There is general consensus that the optimal definitive treatment for severe essential hyperhidrosis (EH) in adults consists of (video-assisted) thoracoscopic ablation of the upper thoracic sympathetic ganglia T2 (and T3). Little is known about the definitive treatment of severe EH in children. The objective of this study is to compare a simplified minimally invasive thoracoscopic T2-T3 sympathicolysis technique (TS), performed by a pneumologist, in children and adults suffering from severe EH. Two hundred consecutive patients with severe EH. treated from August 1993 to August 1997, including 18 children (13.2 ± 2 years, range 7 to 15 years) and 182 adults (30.4 ± 10.8 years, range 16 to 67 years), were included in the study.

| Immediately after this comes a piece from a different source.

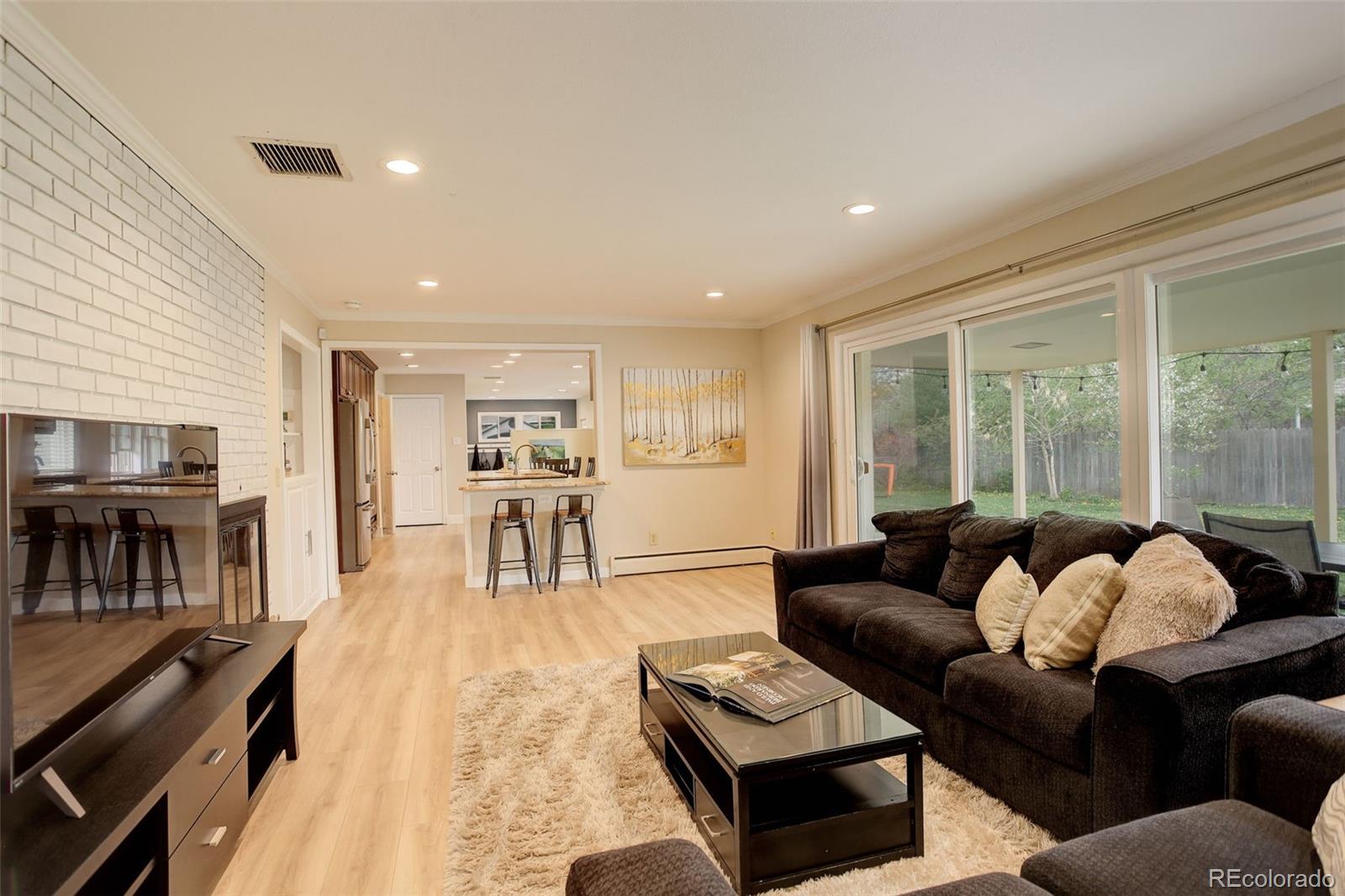 MLS Image #7 for 6544 e alaska drive,denver, Colorado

Clinical efficacy, side effects, complications, and patient satisfaction were assessed in the group of children and adults, respectively. TS was proven equally effective in children as in adults (100% vs. 98% relief of palmar hyperhidrosis, respectively; 0% vs. 2% recurrence during a follow-up of 19 ± 12 vs. 18 ± 13 months), with a comparable incidence of side effects, a total absence of major complications, and 100% patient satisfaction. These results are better than historical data obtained after open surgical approaches and equal to those obtained by a (slightly more complicated) video-assisted thoracic surgery method using lasers. We conclude that TS is as safe and efficient in children with severe EH as in adults.

© 1999 Lippincott Williams & Wilkins, Inc.